What to See During Your Trip to the Galapagos Islands
The Galapagos Archipelago contains 13 main islands, 6 islets, 133,000 square miles (51,352 square miles) of marine reserve and one of the largest rates of endemism in the world (not to mention a society-shaking history). This grouping of islands has become world renowned among biologists, geologists, scuba divers and tourists alike, but it can be hard to narrow these treasures down and figure out what, exactly, you want to see on your Galapagos vacation. What should you keep in mind when narrowing your options down?
Unique Flora and Fauna
It was the flora and fauna of the Galapagos Islands that first put the archipelago on the map, and they remain one of the key features of Galapagos tourism. Life that arrived to these isolated islands was forced to adapt and it did so over several millennia. Today, Galapagos marine iguanas are the only ocean-faring lizards in the world, and the flightless cormorant has, indeed, completely lost its ability to fly. Additionally, 80% of land birds and 97% of Galapagos reptiles are endemic to the Galapagos Islands. Merely strolling along park trails, guests can observe some of the most unique life on earth, but keep in mind that not every species can be seen on all of the islands. You will want to do a bit of research beforehand to determine which species are a must-see for you.
An excellent point to begin your Galapagos adventure is the Charles Darwin Research Station. Here, visitors are welcome to learn about Galapagos wildlife conservation efforts, as well as explore the Galapagos tortoise breeding center. However, for those interested in seeing giant tortoises in their natural habitat, the El Chato Tortoise Reserve is a beautiful location where, apart from tortoises, visitors can walk amongst sub-tropical plants and birds.

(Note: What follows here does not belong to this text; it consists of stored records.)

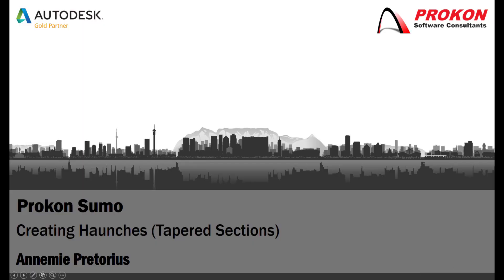G'day and welcome to the Procon YouTube channel. My name is Annamie. Today I'm going to show you how to create haunches or tapered sections in Sumo.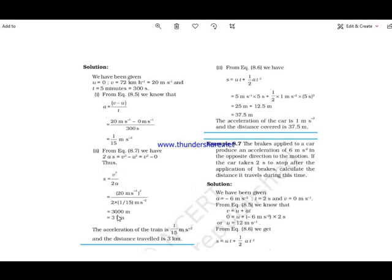The answer for distance comes out to 3000 meters. Converting to kilometers, 3000 meters equals 3 kilometers.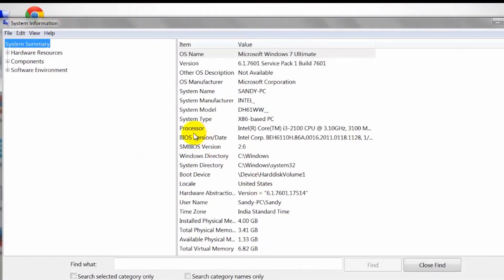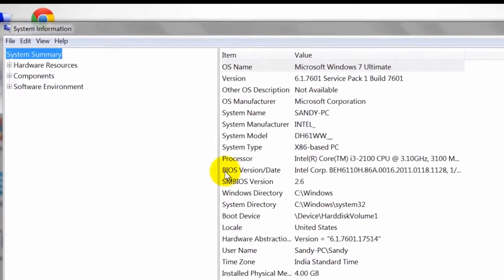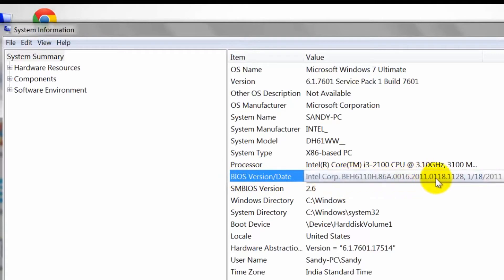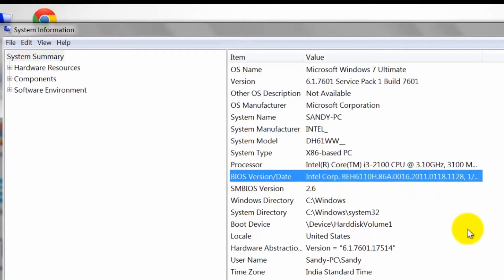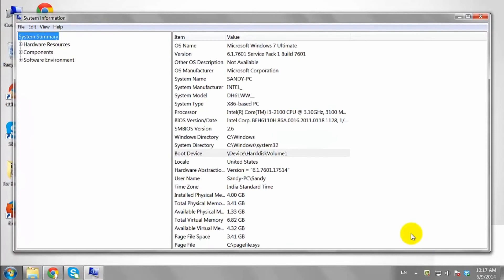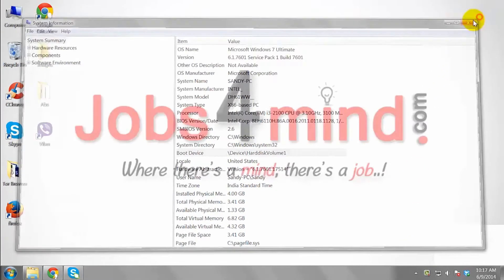Locate the BIOS version or date entry in the items column. The BIOS information will be listed in the adjacent column labeled Value. This is how you can check BIOS version in Windows 7.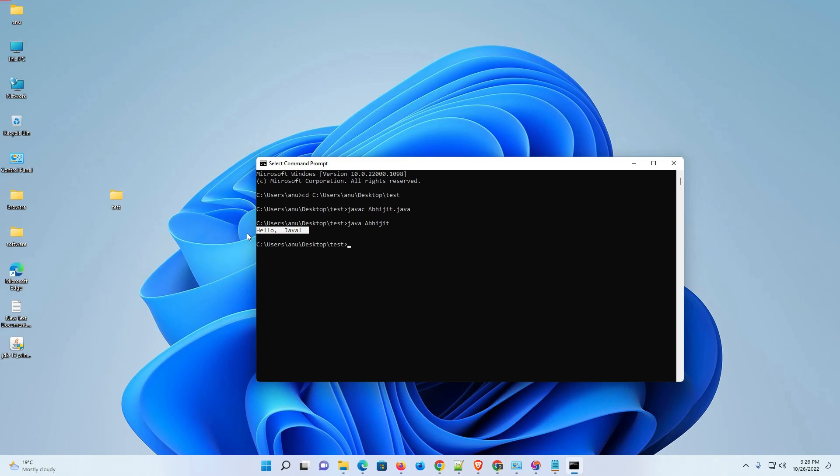So guys, this is the simplest way to download and install Java JDK 19 on Windows 11 with JAVA_HOME. Thank you for watching this video — don't forget to like, share, and comment, and don't forget to subscribe to the channel. Thank you guys!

The Galapagos Islands make up one of the most volcanically active locations in the world, which has resulted in remarkably dramatic and beautiful landscapes. The Galapagos Islands are home to the second largest volcanic caldera in the world (Sierra Negra Volcano) as well as the world’s largest pit crater (Los Gemelos), and a series of fantastic lava tunnels and lava cones. Las Grietas pools have attracted particular fame for their beautiful emerald water, sourced from an underground spring. Formed from a fracture in the earth’s crust, Las Grietas measure 10 meters (33 feet) deep and 7 meters (23 feet) wide, yet the crystal-clear water allows swimmers’ gaze to follow the rocky walls all the way down to the white sandy bottom.
The Galapagos Marine Reserve is a popular attraction for many tourists around the world thanks its records in size, marine diversity and scuba diving. The Galapagos Islands sit at the point of convergence of three main ocean currents. The nutrients that collect around the islands thanks to these currents attract an enormous variety of marine life, resulting in the largest average fish biomass per hectare in the world, at 17.5 tons per hectare. This includes the largest shark biomass in the world, as well as giant sting rays, tropical fish, seahorses, penguins, octopuses, sea turtles and much more. As a result of this diversity, the Galapagos Islands offer unparalleled scuba diving opportunities.
Visitors can also enjoy glass-bottom boat rides and snorkeling, not to mention breathtakingly beautiful beaches. Gardner Bay, Tortuga Bay and Punta Pitt are just a few of the pristine, white-sand beaches in the Galapagos Islands.
The Galapagos Islands have developed world-wide fame for the stunning marine and land life they host, as well as their natural geologic beauty. However, each of the 13 islands is different in its own way, and it is important to research each island to determine which ones are right for you.